[Exercise details]
For the listing below, return the line containing "Die Löwen und", the line containing "Jeep Tour to", and all lines in between, exactly as written and nothing else.

○ ○ ○

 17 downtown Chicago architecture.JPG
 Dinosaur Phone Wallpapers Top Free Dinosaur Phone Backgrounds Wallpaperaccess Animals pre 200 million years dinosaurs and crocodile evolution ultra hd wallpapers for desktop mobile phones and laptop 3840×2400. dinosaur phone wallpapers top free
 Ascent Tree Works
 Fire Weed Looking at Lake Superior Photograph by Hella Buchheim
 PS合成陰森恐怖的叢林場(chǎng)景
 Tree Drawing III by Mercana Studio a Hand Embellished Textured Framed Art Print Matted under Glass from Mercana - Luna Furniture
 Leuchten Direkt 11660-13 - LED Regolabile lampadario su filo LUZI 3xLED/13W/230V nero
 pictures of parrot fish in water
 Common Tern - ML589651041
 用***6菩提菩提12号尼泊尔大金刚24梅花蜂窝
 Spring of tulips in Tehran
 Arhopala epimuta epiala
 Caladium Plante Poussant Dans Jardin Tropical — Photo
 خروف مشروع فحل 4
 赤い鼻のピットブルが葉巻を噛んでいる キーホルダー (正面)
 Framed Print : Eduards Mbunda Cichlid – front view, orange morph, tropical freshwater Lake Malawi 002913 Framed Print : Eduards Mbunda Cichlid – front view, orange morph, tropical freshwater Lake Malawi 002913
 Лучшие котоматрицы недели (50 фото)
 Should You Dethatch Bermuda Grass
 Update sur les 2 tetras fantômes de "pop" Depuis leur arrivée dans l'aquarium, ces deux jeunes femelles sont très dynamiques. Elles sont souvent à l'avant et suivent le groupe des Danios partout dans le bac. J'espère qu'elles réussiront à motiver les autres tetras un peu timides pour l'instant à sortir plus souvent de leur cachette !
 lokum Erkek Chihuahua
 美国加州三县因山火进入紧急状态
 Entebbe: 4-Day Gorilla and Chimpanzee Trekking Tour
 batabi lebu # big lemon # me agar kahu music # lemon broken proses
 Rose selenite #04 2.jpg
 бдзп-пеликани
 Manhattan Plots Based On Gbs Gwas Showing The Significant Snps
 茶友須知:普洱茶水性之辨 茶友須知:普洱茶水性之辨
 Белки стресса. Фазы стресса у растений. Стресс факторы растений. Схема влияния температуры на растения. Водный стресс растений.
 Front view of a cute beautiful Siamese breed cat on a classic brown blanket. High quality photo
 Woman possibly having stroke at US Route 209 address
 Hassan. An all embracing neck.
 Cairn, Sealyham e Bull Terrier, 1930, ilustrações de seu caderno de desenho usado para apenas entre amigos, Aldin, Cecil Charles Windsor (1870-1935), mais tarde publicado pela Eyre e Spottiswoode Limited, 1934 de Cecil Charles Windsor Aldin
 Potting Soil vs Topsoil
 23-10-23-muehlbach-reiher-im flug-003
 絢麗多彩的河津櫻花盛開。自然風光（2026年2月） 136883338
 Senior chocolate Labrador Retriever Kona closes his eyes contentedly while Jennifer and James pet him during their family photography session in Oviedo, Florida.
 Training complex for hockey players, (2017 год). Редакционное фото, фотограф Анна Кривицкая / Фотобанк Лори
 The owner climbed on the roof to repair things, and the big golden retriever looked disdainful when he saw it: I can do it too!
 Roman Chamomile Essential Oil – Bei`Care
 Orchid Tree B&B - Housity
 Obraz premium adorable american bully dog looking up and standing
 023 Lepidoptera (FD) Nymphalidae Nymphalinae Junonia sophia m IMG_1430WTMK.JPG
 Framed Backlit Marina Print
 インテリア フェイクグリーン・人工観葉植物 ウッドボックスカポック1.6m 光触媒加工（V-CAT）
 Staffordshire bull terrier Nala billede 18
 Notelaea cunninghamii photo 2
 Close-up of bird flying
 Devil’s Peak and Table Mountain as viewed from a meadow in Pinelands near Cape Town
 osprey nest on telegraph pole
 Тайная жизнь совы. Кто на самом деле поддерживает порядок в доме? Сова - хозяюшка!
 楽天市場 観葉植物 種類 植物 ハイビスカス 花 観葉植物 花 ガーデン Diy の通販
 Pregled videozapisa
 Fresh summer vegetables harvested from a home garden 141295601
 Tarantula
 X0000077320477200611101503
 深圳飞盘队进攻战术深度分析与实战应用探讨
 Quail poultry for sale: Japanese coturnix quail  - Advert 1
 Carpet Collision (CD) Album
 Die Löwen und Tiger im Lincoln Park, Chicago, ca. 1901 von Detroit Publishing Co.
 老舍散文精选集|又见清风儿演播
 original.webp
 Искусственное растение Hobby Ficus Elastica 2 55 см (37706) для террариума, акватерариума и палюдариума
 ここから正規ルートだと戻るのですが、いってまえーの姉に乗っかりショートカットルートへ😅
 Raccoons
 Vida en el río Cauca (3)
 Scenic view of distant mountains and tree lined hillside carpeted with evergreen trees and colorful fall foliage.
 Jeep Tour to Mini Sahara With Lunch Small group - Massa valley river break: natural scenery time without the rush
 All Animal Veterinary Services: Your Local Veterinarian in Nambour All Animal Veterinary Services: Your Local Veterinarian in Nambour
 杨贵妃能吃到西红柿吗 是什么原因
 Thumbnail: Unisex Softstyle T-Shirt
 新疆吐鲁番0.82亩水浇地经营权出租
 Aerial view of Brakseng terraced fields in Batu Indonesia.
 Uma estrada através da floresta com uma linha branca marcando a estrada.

○ ○ ○

[Solution to the exercise]
 Die Löwen und Tiger im Lincoln Park, Chicago, ca. 1901 von Detroit Publishing Co.
 老舍散文精选集|又见清风儿演播
 original.webp
 Искусственное растение Hobby Ficus Elastica 2 55 см (37706) для террариума, акватерариума и палюдариума
 ここから正規ルートだと戻るのですが、いってまえーの姉に乗っかりショートカットルートへ😅
 Raccoons
 Vida en el río Cauca (3)
 Scenic view of distant mountains and tree lined hillside carpeted with evergreen trees and colorful fall foliage.
 Jeep Tour to Mini Sahara With Lunch Small group - Massa valley river break: natural scenery time without the rush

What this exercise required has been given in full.